The chancellor, however, has had a difficult year. While her Christian Democratic Union won the country’s parliamentary elections last year, it was the party’s worst electoral showing since 1949. Merkel spent months trying to cobble together a coalition government, an effort made more difficult given the perception of her waning political authority and acumen. The first attempt hit a dead-end when the Free Democrats walked away from the table. She finally got it done, but her renewed partnership with the Social Democratic Party looked to a lot of Germans like the same old establishment politics that governed the country for decades. The CDU/CSU-SDP coalition was a gift to the Alternative for Deutschland, a party that was now considered the biggest opposition bloc in the Bundestag.

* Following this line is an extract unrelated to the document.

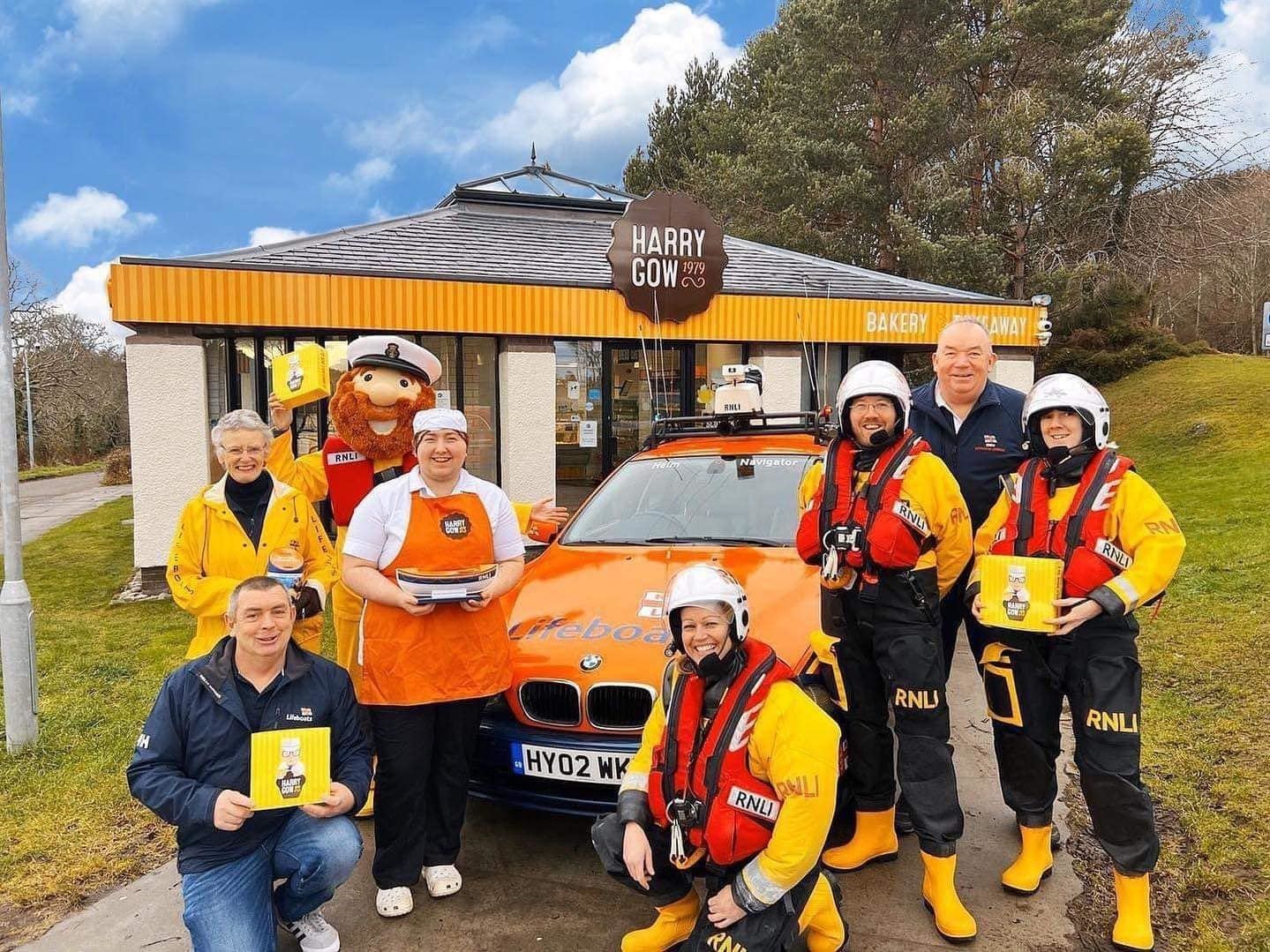 RNLI crew members and Harry Gow staff outside the bakery's North Kessock store. Picture: RNLI Kessock.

Months after that crisis ended, in late June and early July, a new one plopped down on Merkel’s lap. Faced with a strong challenge by the AfD in Bavaria and worried about being challenged from his Right, CDU chief and Interior Minister Horst Seehofer demanded a tougher asylum policy. Scared of siphoning voters to the AfD in the upcoming Bavarian elections, Seehofer threatened to collapse the government if Merkel refused to close Germany’s border with Austria to more migrants. The chancellor was on such thin ice that the European Union held an emergency migration summit to dig her out of a hole; the deal struck in Brussels and a subsequent arrangement with Seehofer lacked detail, but they at least gave her more time.
Now, a month later, Merkel is presented with another crisis: that of a far-right extremism spreading in Eastern Germany. The right-wing protests in Chemnitz in late August, a town about an hour’s drive south of Leipzig, have proven to be just as politically embarrassing to Merkel’s authority as they were ugly on videotape. Thousands of demonstrators, some purportedly chasing non-Germans into alleyways and marching proudly with the Hitler salute, is the precise opposite of what Merkel wants for Germany — a cosmopolitan, tolerant, generous, and kindhearted nation that sets an example for all of Europe. The riots in Chemnitz should have been one of those rare instances when German politicians of all stripes could unite in their condemnation of the harassment.
Merkel’s coalition, however, couldn’t even do that. What Merkel termed “hate in the streets,” Seehofer regarded as an expression of the German people’s frustration with migrant-fueled crime — one he would have participated in if he wasn’t a minister.
Merkel is no doubt a political survivor. But it’s virtually impossible to avoid the feeling that she has lost some of her step. She may still be Germany’s — and Europe’s — most powerful head-of-state, but it increasingly looks and feels like the political earth is shifting beneath her feet. Merkel’s coalition government seems caught unaware with every mini-crisis. What this means for the future of the chancellor or the CSU is hard to determine. But you can be sure younger members in the party who want Merkel to hand power to the next generation are wondering when her political star will dim.